Verse 2: In the Spirit
“And immediately I was in the spirit: and, behold, a throne was set in heaven, and one sat on the throne.”
John’s experience is described as being “in the Spirit.” It’s essential to understand that these are visionary experiences rather than physical transportations. Only those with divine revelation can fully grasp the true meaning of these visions. In Ephesians 1:17-19, the Apostle Paul prays for believers to have their spiritual eyes opened to perceive and understand these profound truths.
The vision presents one throne with one seated on it, not three thrones with three distinct beings. This underscores the Christian belief that the one we will see in heaven is our Lord Jesus Christ. The notion of seeing God the Father apart from Jesus is questioned, emphasizing passages like 1 Timothy 6:16 and Hebrews 1:1-3, which affirm Jesus as the express image of God.
Verse 3: Symbolic Stones
“And he that sat was to look upon like a jasper and a sardine stone: and there was a rainbow round about the throne, in sight like unto an emerald.”
The description of jasper and sardius in this verse carries symbolic significance. Jasper represents the tribe of Reuben, the first stone in the breastplate of the High Priest, while sardius represents Benjamin, the last tribe. This signifies Jesus Christ as the God of both the Old and New Covenants, unifying the children of Israel and the followers of the Gospel.
Verse 4: The 24 Elders
“And round about the throne were four and twenty seats: and upon the seats I saw four and twenty elders sitting, clothed in white raiment; and they had on their heads crowns of gold.”
The 24 elders in this vision symbolize the 12 patriarchs of the Old Testament and the 12 apostles of Christ in the New Testament. This dual representation signifies the unity of the Old and New Covenant believers, illustrating the concept that both groups are part of the bride of Christ, as indicated in Revelation 12:17. The 24 thrones suggest a connection to the foundation of both Israel and the Church.
The presence of the 12 patriarchs’ names on the pearly gates of the New Jerusalem and the names of the 12 apostles in the foundations of the city underscores their significance in God’s plan. The distinction between Matthias and the Apostle Paul is noted, emphasizing the importance of apostles being personally chosen by the Lord rather than appointed by men.
Verse 5: Thundering and 7 Spirits
“And out of the throne proceeded lightnings and thunderings and voices: and there were seven lamps of fire burning before the throne, which are the seven Spirits of God.”
The reference to thundering and lightnings in this verse is reminiscent of the awe-inspiring moment when God descended upon Mount Sinai, as described in Exodus 19:16-18. The seven spirits mentioned are understood as the attributes of the Lord Jesus Christ, as outlined in Revelation 5:6 and related to the seven church ages.
These attributes, associated with the lampstands in Revelation, are derived from the fire of the brazen altar, as seen in Leviticus 9:23-24. This fire was first given to the people during Pentecost, highlighting the role of early believers in igniting the Church through the Holy Spirit.

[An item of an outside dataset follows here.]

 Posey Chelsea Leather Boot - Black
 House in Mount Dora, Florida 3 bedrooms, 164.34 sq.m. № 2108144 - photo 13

The parable of the Sower is discussed, and it is emphasized that it should not be called the “Kingdom of Heaven,” a subtle distinction that carries significant theological implications.
Verse 6: Sea of Glass
“And before the throne there was a sea of glass like unto crystal: and in the midst of the throne, and round about the throne, were four beasts full of eyes before and behind.”
The “sea of glass like unto crystal” symbolizes a multitude of people who are pure and holy, representing the overcomers of every age. These are the faithful believers who have conquered their spiritual challenges and remained steadfast in their faith. The concept of a “sea of glass mingled with fire” in Revelation 15:2 is also briefly touched upon, representing the tribulation saints.

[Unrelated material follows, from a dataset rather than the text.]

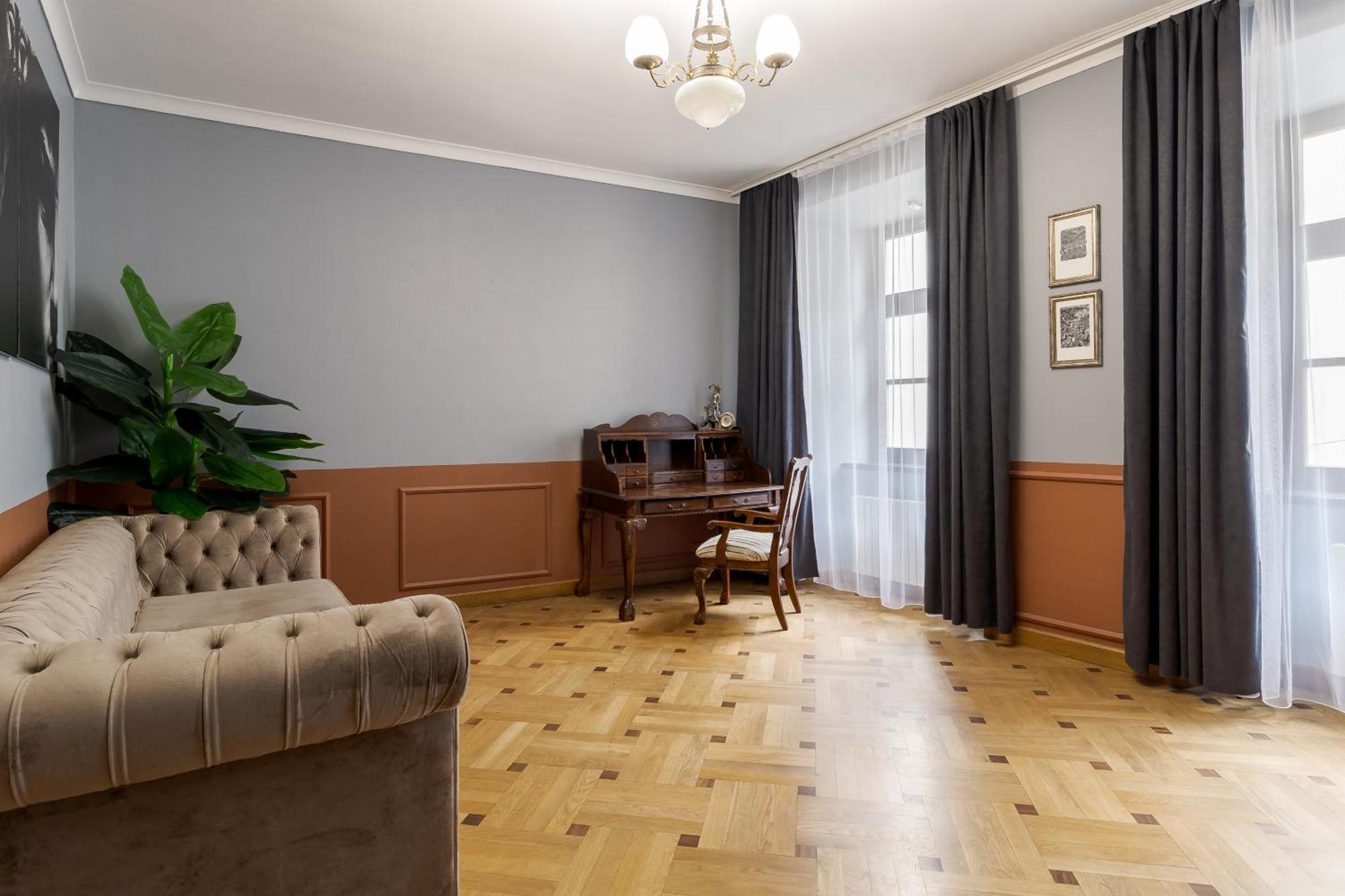 Tut Staroevreyska With Terrace Lägenhet Lviv Exteriör bild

Verse 7: Four Living Creatures
“And the first beast was like a lion, and the second beast like a calf, and the third beast had a face as a man, and the fourth beast was like a flying eagle.”

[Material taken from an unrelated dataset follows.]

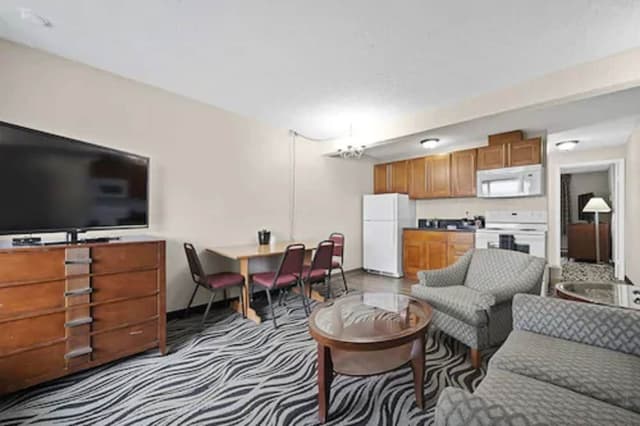 Suite, 1 Queen Bed, Kitchen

The four beings mentioned in this verse, often referred to as the four living creatures, are better understood as the anointings of Christ, closely related to the attributes and anointings associated with the four Gospels: Matthew, Mark, Luke, and John. These beings with eyes before and behind represent their ability to discern spiritual truths from all angles.
Verse 8: Worship of Living Creatures
“And the four beasts had each of them six wings about him; and they were full of eyes within: and they rest not day and night, saying, Holy, holy, holy, Lord God Almighty, which was, and is, and is to come.”
The living creatures are not mere automatons programmed to worship but are genuine in their worship of the Lord Jesus Christ. Their worship is characterized by authenticity and fervor, reflecting the deep reverence they hold for the Divine.
Verses 9-11: The Worship of the 24 Elders
“And when those beasts give glory and honour and thanks to him that sat on the throne, who liveth for ever and ever. The four and twenty elders fall down before him that sat on the throne, and worship him that liveth for ever and ever, and cast their crowns before the throne, saying, Thou art worthy, O Lord, to receive glory and honour and power: for thou hast created all things, and for thy pleasure they are and were created.”
The closing verses of Revelation 4 depict the 24 elders casting their crowns before the throne, signifying their acknowledgment that all honor and glory belongs to the Lord alone. This act symbolizes humility and recognition that any rewards or achievements they possess are the result of God’s work in them. It reinforces the biblical idea that salvation and reward come through faith in Christ and His grace, rather than through human efforts alone.
IN CONCLUSION, Revelation Chapter 4 offers a profound spiritual journey into the heavenly realms and the worship of the Lord Jesus Christ. The symbolism and deeper meanings within this chapter remind us of the unity of Old and New Testament believers, the significance of divine revelation, and the importance of acknowledging Christ as the central figure in our faith. This vision provides an inspiring vision of heavenly worship and underscores the central role of faith, grace, and humility in our relationship with God.